Simio, el hermano. 
 

(Es una columna que publiqué hace un par de años en el diario Metro)
La polémica de si los animales sufren el dolor, sienten el afecto, o si tienen proyectos de vida, recuerda a los vehementes debates entre los hombres de fe del concilio de Macón, en el siglo VI, sobre la existencia de alma en la mujer y si ella era criaturas de Dios. Sólo hace cinco siglos la iglesia católica decidió que las mujeres sí tenemos alma y somos seres humanos, y no “objetos vivientes” como los caballos y las gallinas, y parte del inventario de los varones humanos.

Obviamente, el argumento de “la inferioridad de la mujer en la inteligencia y capacidades”, servía a aquellos señores para justificar el sometimiento de la mitad de la humanidad a la autoridad de los hombres “racionales” y justificar su dominio sobre ellas. Los mismos argumentos han servido para explotar, humillar, torturar y matar a los antropoides no humanos (¿Aún hay alguien que no sepa que los humanos, científicamente, pertenecemos a la categoría de “animales”?).

El proyecto de Gran Simio, hoy en debate, lanza la iniciativa de reclamar el reconocimiento de derecho a la vida, a la libertad y a no ser torturados en experimentos, para los simios, y no pretende, como dicen algunos que creen que el ser humano es el ombligo del universo, otorgarles el derecho a voto, ni a concederles el permiso de conducir.

Otros se burlan del proyecto con el absurdo argumento de que “hay que preocuparse por las personas que sufren y no por los animales”. Es la típica frase de quienes ni se preocupan por los niños de Darfur y Palestina, ni se les ha ocurrido cuestionar la inversión de miles de millones de euros en los gastos militares para destruirnos a nosotros mismos y a otros seres que sufren nuestra prepotencia.
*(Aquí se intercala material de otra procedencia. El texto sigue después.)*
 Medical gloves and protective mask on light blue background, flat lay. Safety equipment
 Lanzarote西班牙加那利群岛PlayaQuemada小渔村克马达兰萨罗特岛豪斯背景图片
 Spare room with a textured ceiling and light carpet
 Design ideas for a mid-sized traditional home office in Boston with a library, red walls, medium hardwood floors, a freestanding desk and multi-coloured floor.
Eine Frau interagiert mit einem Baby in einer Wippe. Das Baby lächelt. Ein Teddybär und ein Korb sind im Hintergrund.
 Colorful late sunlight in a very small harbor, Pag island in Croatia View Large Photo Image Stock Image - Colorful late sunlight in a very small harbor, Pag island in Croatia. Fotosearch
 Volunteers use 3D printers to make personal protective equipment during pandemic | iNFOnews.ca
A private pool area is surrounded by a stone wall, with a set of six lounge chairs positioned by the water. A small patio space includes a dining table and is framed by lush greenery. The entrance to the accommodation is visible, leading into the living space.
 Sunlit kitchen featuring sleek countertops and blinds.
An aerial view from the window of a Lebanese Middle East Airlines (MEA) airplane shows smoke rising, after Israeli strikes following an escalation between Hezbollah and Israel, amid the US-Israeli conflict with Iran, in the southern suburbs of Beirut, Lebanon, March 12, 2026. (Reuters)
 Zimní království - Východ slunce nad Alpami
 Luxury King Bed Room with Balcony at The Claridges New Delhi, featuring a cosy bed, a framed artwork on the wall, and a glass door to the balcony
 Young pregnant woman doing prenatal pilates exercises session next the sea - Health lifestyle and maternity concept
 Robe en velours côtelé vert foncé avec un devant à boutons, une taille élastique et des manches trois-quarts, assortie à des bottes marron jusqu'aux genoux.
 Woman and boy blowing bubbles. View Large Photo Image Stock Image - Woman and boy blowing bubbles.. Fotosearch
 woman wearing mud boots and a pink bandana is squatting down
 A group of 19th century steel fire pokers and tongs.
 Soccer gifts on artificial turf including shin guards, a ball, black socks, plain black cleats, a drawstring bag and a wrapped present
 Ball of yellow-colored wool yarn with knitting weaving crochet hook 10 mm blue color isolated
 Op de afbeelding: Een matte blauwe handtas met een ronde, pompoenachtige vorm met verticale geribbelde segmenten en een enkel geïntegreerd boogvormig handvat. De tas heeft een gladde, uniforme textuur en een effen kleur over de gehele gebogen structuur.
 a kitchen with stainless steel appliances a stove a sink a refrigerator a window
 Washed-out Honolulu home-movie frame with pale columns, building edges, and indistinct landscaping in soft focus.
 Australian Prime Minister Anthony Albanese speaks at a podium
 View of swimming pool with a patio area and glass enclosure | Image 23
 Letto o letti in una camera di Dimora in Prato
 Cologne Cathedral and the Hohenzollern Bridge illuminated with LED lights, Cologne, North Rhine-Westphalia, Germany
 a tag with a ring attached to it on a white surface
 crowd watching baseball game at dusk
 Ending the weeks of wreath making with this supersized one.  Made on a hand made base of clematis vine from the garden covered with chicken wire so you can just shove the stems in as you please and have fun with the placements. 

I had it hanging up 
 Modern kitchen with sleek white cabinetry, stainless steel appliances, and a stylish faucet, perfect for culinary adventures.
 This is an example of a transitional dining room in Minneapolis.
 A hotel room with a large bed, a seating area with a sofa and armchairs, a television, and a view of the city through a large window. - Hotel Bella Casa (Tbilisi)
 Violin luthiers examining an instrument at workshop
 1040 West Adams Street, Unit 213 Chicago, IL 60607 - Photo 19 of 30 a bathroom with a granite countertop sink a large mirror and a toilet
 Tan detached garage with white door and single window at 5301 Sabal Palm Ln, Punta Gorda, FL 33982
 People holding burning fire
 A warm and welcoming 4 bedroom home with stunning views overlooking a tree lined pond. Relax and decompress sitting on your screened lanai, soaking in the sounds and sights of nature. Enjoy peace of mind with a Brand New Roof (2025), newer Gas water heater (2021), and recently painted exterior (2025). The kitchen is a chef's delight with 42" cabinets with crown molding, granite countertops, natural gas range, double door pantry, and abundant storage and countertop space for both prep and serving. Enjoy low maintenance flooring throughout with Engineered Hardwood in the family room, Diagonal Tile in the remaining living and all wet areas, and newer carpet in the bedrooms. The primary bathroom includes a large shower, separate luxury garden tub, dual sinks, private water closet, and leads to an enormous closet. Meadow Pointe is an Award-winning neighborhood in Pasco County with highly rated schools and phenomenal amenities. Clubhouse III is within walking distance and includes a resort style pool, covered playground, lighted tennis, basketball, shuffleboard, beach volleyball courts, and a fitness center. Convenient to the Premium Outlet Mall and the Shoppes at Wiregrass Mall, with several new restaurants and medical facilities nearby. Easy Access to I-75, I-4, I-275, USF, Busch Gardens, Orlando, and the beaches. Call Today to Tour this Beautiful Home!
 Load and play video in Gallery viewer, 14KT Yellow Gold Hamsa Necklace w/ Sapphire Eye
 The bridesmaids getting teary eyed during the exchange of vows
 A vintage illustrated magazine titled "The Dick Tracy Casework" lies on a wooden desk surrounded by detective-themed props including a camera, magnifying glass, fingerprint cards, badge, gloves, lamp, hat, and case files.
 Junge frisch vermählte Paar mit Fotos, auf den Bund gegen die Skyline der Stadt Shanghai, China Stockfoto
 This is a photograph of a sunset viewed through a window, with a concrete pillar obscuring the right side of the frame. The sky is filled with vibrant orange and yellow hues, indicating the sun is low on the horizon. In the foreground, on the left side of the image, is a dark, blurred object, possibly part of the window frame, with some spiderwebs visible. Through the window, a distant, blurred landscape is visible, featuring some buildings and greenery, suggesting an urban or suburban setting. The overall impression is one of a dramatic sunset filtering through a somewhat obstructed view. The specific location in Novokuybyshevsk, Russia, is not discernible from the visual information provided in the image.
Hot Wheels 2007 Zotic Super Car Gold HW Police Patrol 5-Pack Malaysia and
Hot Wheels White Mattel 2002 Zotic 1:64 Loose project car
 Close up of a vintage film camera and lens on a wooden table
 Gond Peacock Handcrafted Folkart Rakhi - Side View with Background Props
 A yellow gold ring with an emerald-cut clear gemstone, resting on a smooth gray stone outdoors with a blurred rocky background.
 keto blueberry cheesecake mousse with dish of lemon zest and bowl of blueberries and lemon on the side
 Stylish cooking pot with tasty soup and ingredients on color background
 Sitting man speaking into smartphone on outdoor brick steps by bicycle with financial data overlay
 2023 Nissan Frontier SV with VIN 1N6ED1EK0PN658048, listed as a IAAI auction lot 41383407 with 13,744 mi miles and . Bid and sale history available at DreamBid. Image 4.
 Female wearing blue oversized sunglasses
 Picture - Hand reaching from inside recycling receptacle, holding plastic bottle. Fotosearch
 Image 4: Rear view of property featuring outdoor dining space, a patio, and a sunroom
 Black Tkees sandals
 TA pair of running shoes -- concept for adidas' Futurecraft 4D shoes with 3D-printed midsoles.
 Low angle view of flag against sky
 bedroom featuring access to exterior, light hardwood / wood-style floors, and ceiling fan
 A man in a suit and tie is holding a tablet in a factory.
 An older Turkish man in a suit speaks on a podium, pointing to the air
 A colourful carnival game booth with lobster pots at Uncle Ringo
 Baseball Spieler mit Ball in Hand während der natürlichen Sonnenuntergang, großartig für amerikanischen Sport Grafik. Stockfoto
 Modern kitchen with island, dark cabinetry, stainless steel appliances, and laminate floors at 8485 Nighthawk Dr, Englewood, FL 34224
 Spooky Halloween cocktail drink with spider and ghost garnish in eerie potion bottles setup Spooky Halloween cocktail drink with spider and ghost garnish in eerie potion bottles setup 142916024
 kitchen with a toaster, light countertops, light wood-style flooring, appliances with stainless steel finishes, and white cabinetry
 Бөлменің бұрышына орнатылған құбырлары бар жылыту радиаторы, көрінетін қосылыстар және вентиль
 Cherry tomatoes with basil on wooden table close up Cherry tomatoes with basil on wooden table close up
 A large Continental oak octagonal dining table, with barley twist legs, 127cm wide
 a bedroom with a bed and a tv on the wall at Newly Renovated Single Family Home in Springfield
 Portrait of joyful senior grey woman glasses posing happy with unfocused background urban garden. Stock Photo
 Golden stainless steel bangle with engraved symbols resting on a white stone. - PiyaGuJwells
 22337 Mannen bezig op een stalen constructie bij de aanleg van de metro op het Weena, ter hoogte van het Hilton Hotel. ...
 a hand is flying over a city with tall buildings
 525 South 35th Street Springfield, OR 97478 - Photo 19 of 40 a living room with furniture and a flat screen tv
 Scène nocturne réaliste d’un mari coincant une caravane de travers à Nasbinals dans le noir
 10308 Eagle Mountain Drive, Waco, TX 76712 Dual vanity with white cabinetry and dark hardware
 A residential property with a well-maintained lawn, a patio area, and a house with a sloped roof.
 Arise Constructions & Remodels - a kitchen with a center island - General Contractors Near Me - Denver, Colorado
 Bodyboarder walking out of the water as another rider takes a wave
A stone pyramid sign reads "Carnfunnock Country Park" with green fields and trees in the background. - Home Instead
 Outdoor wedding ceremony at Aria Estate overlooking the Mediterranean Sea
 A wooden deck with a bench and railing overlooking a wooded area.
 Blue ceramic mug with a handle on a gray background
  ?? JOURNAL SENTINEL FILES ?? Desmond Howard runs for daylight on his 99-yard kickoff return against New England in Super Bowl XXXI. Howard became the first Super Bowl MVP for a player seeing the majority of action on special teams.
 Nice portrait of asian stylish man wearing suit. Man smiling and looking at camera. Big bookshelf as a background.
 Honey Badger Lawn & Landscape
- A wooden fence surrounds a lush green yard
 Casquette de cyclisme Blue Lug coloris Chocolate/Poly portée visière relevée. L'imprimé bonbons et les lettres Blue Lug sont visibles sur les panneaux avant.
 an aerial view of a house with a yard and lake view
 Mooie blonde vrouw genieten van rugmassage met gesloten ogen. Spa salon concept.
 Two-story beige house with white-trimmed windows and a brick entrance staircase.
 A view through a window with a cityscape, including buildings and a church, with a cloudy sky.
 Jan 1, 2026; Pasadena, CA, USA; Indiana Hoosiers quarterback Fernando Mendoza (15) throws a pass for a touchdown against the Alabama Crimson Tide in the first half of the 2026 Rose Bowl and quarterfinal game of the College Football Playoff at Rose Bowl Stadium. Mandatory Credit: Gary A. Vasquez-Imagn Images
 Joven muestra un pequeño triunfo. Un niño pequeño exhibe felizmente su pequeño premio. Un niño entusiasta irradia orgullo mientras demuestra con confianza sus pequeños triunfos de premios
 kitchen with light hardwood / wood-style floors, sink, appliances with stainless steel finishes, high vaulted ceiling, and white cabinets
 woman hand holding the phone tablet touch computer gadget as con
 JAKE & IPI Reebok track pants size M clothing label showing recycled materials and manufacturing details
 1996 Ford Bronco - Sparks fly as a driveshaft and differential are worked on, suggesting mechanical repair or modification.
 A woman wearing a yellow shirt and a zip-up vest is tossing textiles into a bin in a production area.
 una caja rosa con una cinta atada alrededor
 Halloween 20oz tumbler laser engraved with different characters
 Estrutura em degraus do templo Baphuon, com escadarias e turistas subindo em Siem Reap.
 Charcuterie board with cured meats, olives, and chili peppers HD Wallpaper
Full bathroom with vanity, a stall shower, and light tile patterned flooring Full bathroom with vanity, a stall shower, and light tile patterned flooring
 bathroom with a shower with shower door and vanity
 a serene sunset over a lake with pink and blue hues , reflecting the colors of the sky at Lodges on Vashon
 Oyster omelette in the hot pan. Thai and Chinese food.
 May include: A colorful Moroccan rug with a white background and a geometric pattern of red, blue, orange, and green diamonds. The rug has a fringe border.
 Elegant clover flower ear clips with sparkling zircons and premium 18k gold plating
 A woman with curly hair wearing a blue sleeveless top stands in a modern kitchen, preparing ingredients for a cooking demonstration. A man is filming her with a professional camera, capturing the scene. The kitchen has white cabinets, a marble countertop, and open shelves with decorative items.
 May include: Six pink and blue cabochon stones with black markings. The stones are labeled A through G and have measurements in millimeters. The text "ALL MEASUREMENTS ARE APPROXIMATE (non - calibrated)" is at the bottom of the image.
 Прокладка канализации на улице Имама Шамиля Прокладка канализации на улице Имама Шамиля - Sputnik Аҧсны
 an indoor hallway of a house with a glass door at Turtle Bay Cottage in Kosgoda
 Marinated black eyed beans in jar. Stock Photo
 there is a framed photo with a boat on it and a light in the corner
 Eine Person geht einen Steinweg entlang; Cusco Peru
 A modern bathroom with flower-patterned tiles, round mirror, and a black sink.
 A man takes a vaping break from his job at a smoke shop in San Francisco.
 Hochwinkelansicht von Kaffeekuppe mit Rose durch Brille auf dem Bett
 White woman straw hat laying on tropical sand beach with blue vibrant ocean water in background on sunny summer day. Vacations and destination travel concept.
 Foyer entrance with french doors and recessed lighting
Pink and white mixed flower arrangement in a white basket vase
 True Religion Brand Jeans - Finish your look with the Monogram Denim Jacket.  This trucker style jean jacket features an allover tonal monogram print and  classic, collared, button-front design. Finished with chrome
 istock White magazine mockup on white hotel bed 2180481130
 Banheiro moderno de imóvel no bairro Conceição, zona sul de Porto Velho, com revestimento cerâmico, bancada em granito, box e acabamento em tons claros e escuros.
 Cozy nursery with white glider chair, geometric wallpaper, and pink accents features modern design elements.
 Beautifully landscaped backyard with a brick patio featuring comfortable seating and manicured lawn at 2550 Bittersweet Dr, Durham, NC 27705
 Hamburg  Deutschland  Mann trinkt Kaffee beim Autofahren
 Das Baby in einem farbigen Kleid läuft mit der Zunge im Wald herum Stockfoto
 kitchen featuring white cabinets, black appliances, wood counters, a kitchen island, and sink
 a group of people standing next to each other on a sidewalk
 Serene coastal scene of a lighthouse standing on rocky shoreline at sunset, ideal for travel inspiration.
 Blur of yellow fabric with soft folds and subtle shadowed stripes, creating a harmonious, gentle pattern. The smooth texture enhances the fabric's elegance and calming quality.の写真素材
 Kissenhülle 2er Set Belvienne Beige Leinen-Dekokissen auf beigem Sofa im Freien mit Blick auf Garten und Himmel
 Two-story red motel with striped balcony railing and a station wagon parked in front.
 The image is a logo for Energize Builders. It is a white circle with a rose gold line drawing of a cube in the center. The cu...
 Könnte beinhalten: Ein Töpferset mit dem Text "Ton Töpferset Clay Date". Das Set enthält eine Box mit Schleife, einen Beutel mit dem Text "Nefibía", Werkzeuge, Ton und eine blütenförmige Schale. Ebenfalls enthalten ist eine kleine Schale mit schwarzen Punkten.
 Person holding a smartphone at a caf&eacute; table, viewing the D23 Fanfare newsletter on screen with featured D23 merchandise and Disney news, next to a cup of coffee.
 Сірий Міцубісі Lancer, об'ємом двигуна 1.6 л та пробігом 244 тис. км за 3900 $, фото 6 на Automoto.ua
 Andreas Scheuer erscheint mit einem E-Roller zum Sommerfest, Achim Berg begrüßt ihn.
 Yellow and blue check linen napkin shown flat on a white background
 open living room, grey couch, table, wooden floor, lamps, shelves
Otros plantean que “los animales no tienen inteligencia ni sienten el dolor y no tienen capacidad de sufrimiento”, y por ello justifican la esclavitud y prácticas crueles a las que hemos sometido a millones de animales no humanos. ¿Es que las personas discapacitadas psíquicas, o los bebés que aún no han desarrollado la inteligencia – término muy relativo y discutible-, carecen de poder sentir el dolor, el hambre, el miedo o el afecto? ¿O se merecen menos respeto a su dignidad por tener menos inteligencia?

Para tener una mínima idea de lo que un toro, por ejemplo, llega a sufrir la puya, las banderillas o la afilada y larga espada que le clavan en su corazón y sus pulmones en las corridas, basta ver con qué insistencia trata de espantar a las pequeñas moscas que con sus milimétricas trompas le pinchan. ¡Y tanto que siente aquel inimaginable e irrazonable dolor!

Es más. Gran parte de los animales al tener menos desarrollada su corteza cerebral, relacionada con las funciones pensantes, han desarrollado más que nosotros sus impulsos básicos, sentimientos, emociones o capacidades como oler, ver y sentir. ¿Verdad que no se acuerdan de Enos, el chimpancé de cinco años que fue lanzado al espacio en 1961?. Pues Enos, tras meses de sufrir crueles experimentos en los laboratorios, murió electrocutado en la cápsula en el espacio, sin que los responsables de su desgracia le socorrieran. Pues las iniciativas como la de Gran Simio servirán para que nunca más en nombre de la ciencia y la humanidad se cometan tales barbaries de la que esta sólo fue la punta del iceberg.

Con ella no sólo se derrumbará la barrera artificial que separa a los seres humanos del resto de animales, sino sería otro paso hacia “civilizarnos”, para que también dejemos de maltratar, esclavizar, torturar y matar a los miembros de nuestra especie. ¡Que llegue un tiempo que respetar el derecho a la dignidad de los animales, sean humanos o no, no dependa de su nivel de talento o torpeza, ni de su color de piel, ni de la cantidad de pelo que cubre su cuerpo, ni de su sexo, ni de si es anciano o joven, gordo o con “líneas”, sano o enfermo, sino que se haga por lo que es: una cualidad inherente de su ser.